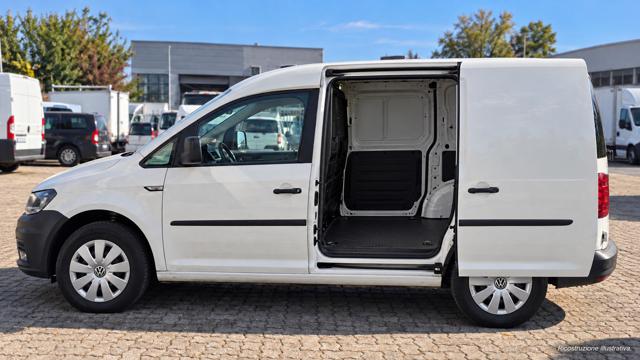 VOLKSWAGEN Caddy usata, con Airbag laterali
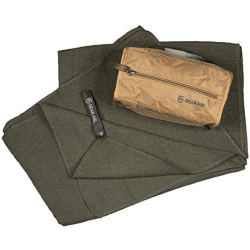 Serviette Gear Aid Outgo Microfibre Vert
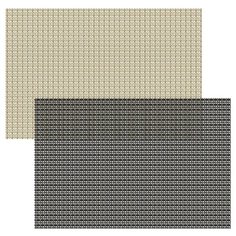 Салфетка "Рогожка" 30*45см 2цв. ^ МультиДом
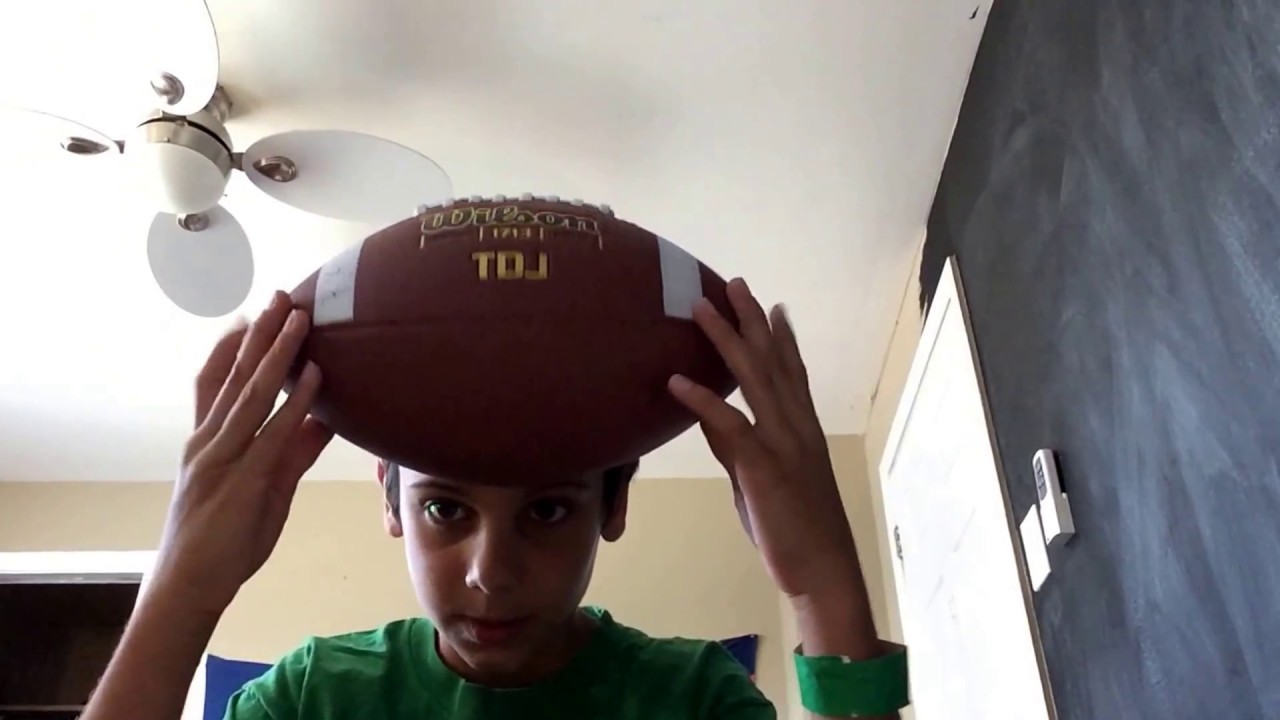 Composite leather tdj football total review! YouTube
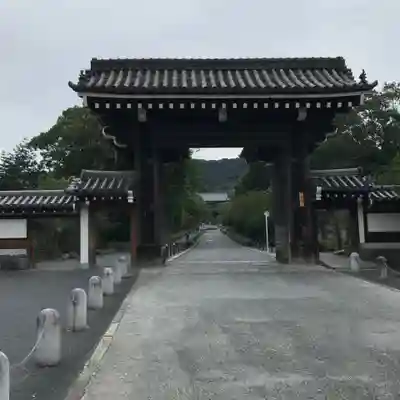 知恩院の山門・神門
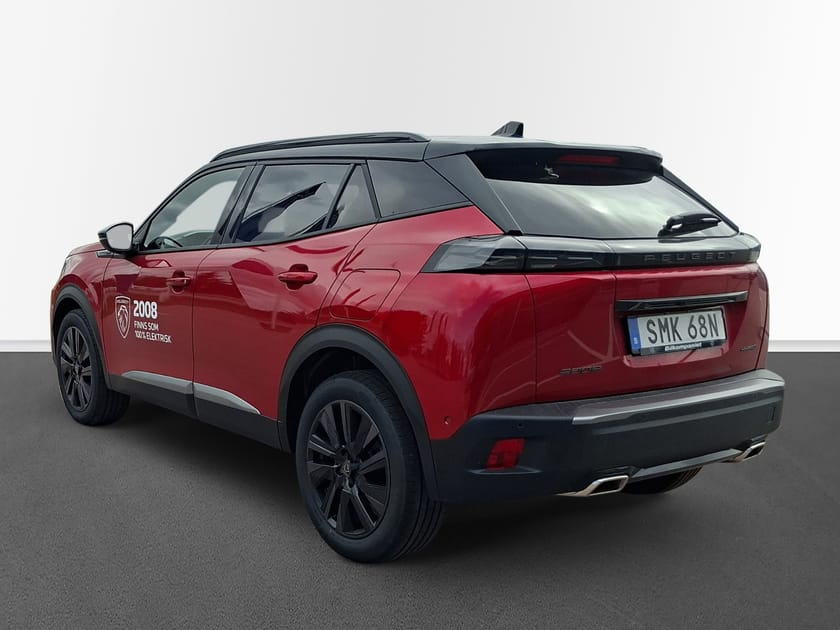 Bild 2 av Peugeot 2008 Hybrid 145 GT A
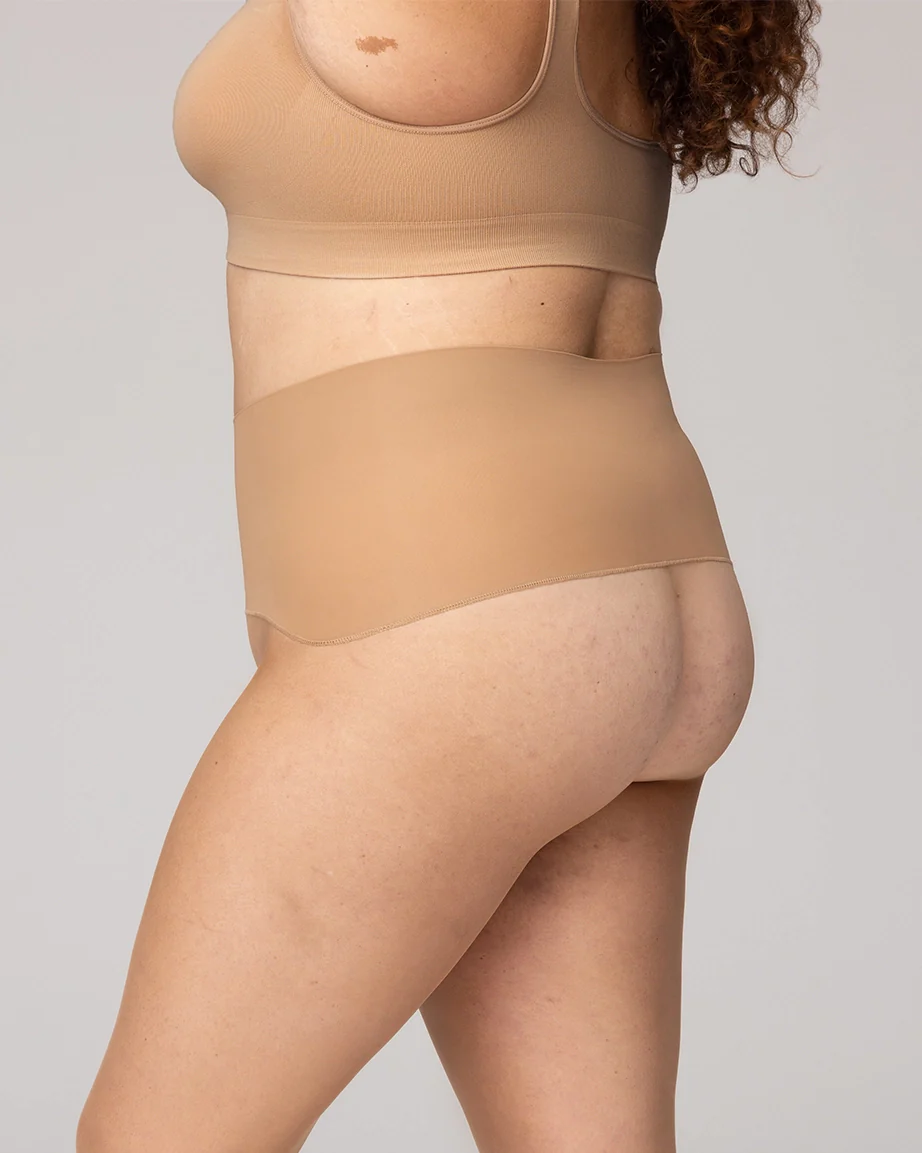 PLAY - FREE HUGGING SEAMLESS TIGHTS - SHEER - Image 12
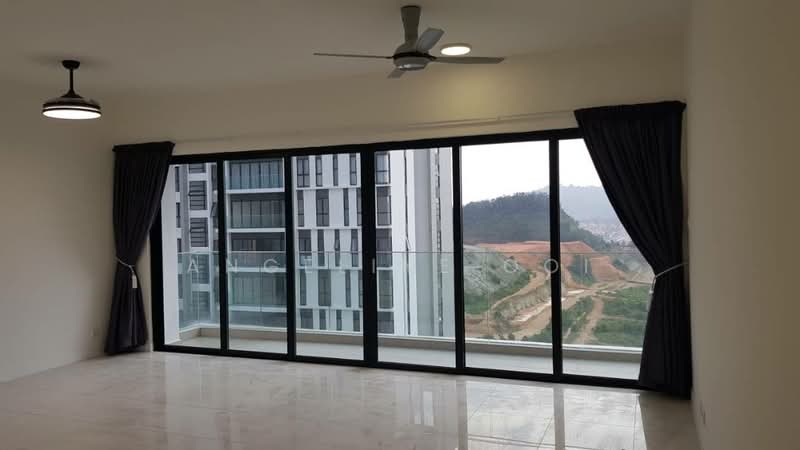 Condominium for Sale at CloudTree Residence - Angeline Ooi - Balcony - PropertyGuru.com.my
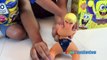 STRETCH ARMSTRONG Action Figure Spongebob StretchKins As Seen On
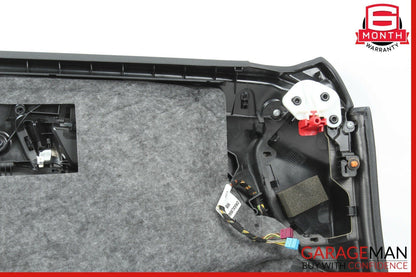 10-13 Mercedes W212 E500 E550 Front Right Passenger Side Interior Door Panel OEM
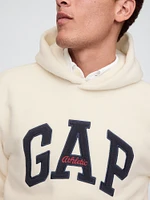 Athletic Logo Hoodie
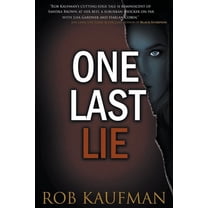 One Last Lie, (Paperback)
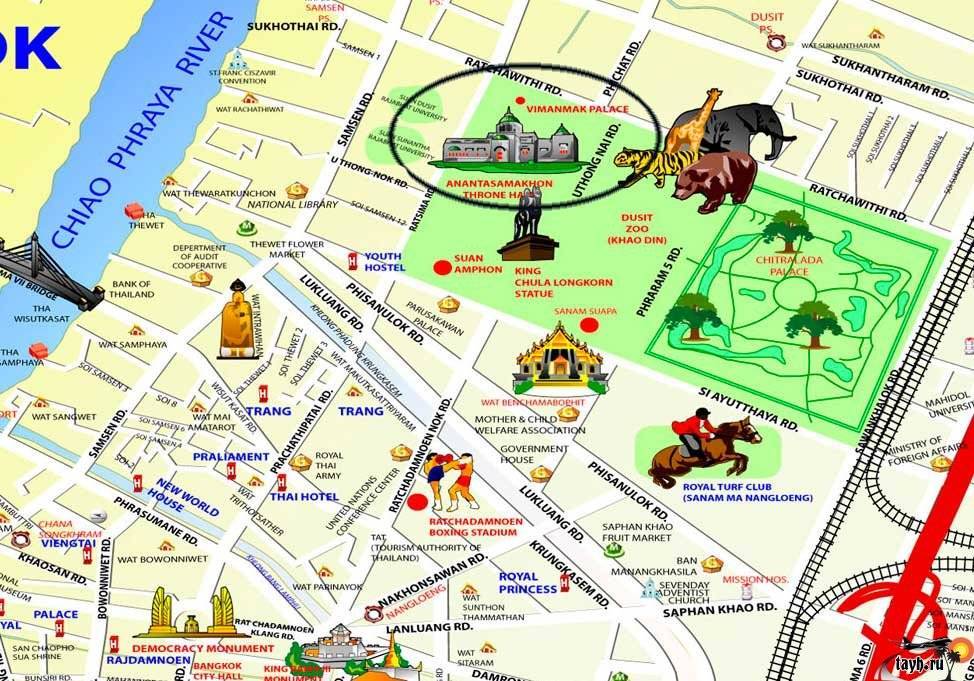 Что посмотреть в бангкоке: 9 интересных мест, откуда бангкок видится по-новому – 2023 отзывы туристов и форум "ездили-знаем!" * бангкок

▬▬▬▬▬▬

# EXERCISE BRIEF:
Within the entries above, the lines from the one with "10-13 Mercedes W212" through the final line are to be printed exactly, with the pictures removed.

# RESULT BELOW:
 10-13 Mercedes W212 E500 E550 Front Right Passenger Side Interior Door Panel OEM
 Athletic Logo Hoodie
 One Last Lie, (Paperback)
 Что посмотреть в бангкоке: 9 интересных мест, откуда бангкок видится по-новому – 2023 отзывы туристов и форум "ездили-знаем!" * бангкок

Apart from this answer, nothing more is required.